Non-perturbative dynamics of hot non-Abelian gauge fields: beyond leading log approximation

TL;DR

This paper advances the understanding of hot non-Abelian gauge fields by extending Bodeker's effective theory to next-to-leading-log order, providing more precise calculations of color conductivity and related physical quantities.

Contribution

It systematically extends the effective theory for hot non-Abelian plasmas beyond leading-log order, including a new calculation of color conductivity at NLLO.

Findings

Derived the NLLO correction to color conductivity.

Extended the effective theory without introducing new operators.

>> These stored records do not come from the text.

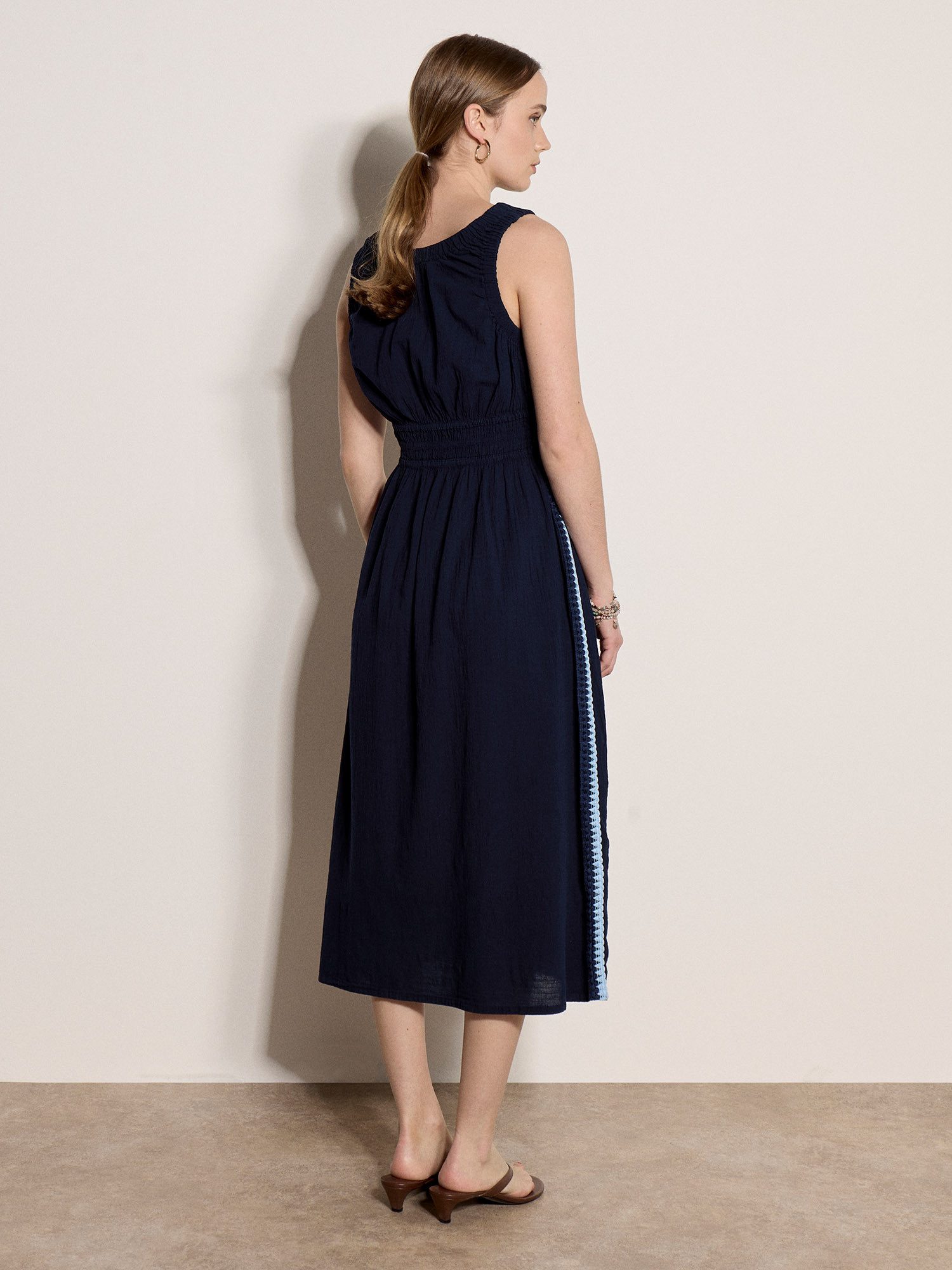 Apricot Midikleid Midi-Kleid mit Häkelspitze und Smokarbeit Smokarbeit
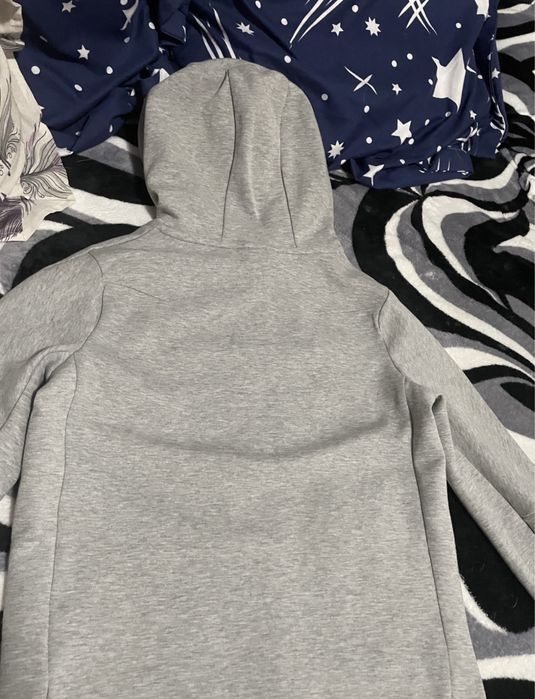 Schimb hanorac Tech gri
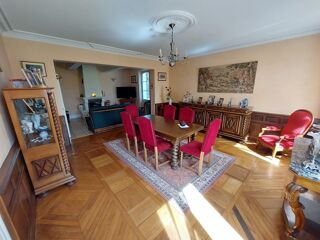  Propriété/château à vendre 7 pièces 315 m²
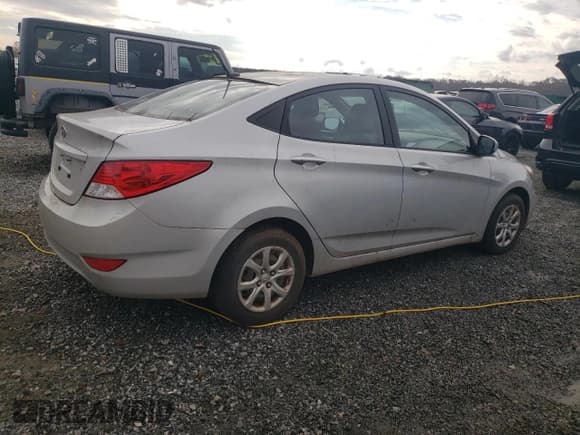 ✅ 2012 Hyundai Accent GLS • VIN: KMHCT4AE6CU248882 • Лот: 82717254. Опубликован ранее на Copart с пробегом 139 077 миль. Бесплатный доступ к архиву аукционных продаж из США и подробный отчёт об истории автомобиля на DreamBid. Изображение 3.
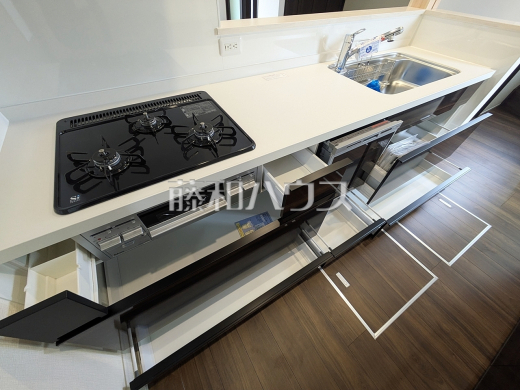 3号棟　キッチン収納　【三鷹市北野３丁目】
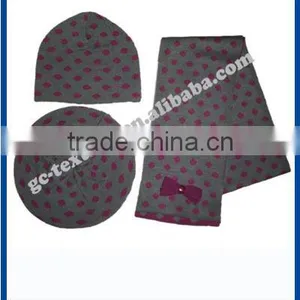 Purple Beret and Scarf thumbnail-1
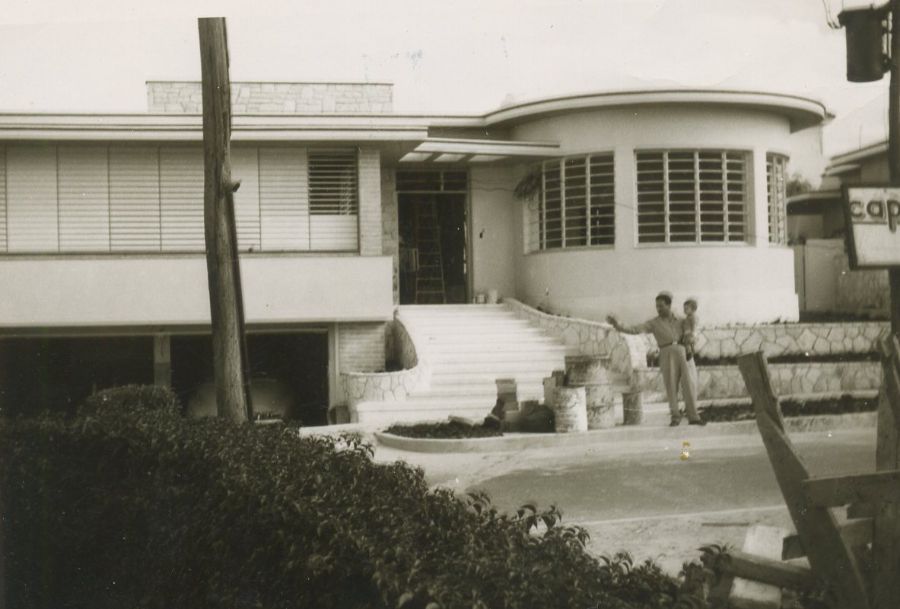 Gustavo Pérez Firmat con su padre en su casa familiar del Reparto Kohly, 1949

Provided a more accurate estimate of electroweak baryon number violation rate.

Abstract

Many aspects of high-temperature gauge theories, such as the electroweak baryon number violation rate, color conductivity, and the hard gluon damping rate, have previously been understood only at leading logarithmic order (that is, neglecting effects suppressed only by an inverse logarithm of the gauge coupling). We discuss how to systematically go beyond leading logarithmic order in the analysis of physical quantities. Specifically, we extend to next-to-leading-log order (NLLO) the simple leading-log effective theory due to Bodeker that describes non-perturbative color physics in hot non-Abelian plasmas. A suitable scaling analysis is used to show that no new operators enter the effective theory at next-to-leading-log order. However, a NLLO calculation of the color conductivity is required, and we report the resulting value. Our NLLO result for the color conductivity can be trivially combined with previous numerical work by G. Moore to yield a NLLO result for the hot electroweak baryon number violation rate.